PARIS — French lawyer Jacques Verges, nicknamed "Terror's Advocate" for a high-profile client list that included a former Gestapo chief and Marxist militant Carlos the Jackal, has died of a heart attack aged 88, his publisher said.
Widely regarded as one of France's most brilliant, if provocative, lawyers, Verges made a name for himself by accepting clients spurned by others as impossible to defend.
The lawyer died on Thursday in the Parisian house where 18th century philosopher Voltaire once lived, according to his publisher Pierre-Guillaume de Roux.
"Like Voltaire, he cultivated the art of permanent revolt and volte-face," his publisher said in a statement.

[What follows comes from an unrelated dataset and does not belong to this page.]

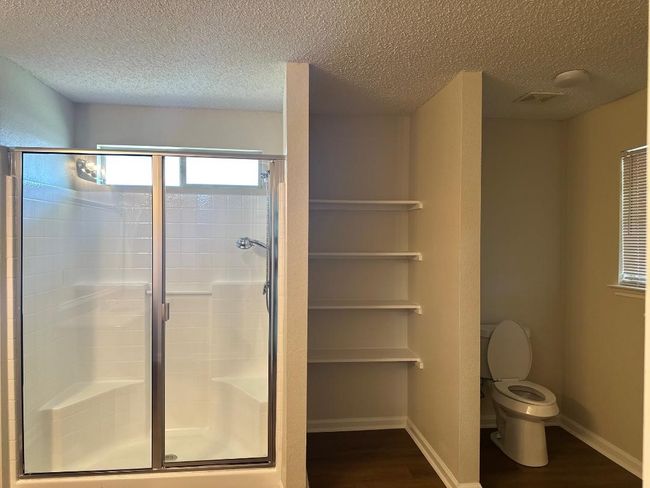 Full bathroom with wood finished floors, a textured ceiling, a shower stall, toilet, and baseboards | Image 11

He baffled his countrymen by agreeing to defend Klaus Barbie, a Nazi twice sentenced to death in absentia for war crimes. When Barbie fled France in 1944, Verges was marching to liberate Paris with de Gaulle's Free French forces.

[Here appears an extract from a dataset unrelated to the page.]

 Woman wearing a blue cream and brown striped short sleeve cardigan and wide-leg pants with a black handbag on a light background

"If he [Barbie] had been at the end of the barrel of my gun, I would have shot him," Verges told Reuters in an interview in 2002. "Now I am simply doing my job as a lawyer."
As a student leader and member of the French Communist Party, Verges befriended Pol Pot, who as leader of the Khmer Rouge was responsible for the genocide in Cambodia in which 2.2 million people died.
For some of his critics, Verges' client list meant his hands were as soiled as those of the people he defended. In 2007, a French documentary about his life dubbed him the "Terror's Advocate," a nickname that has stuck ever since.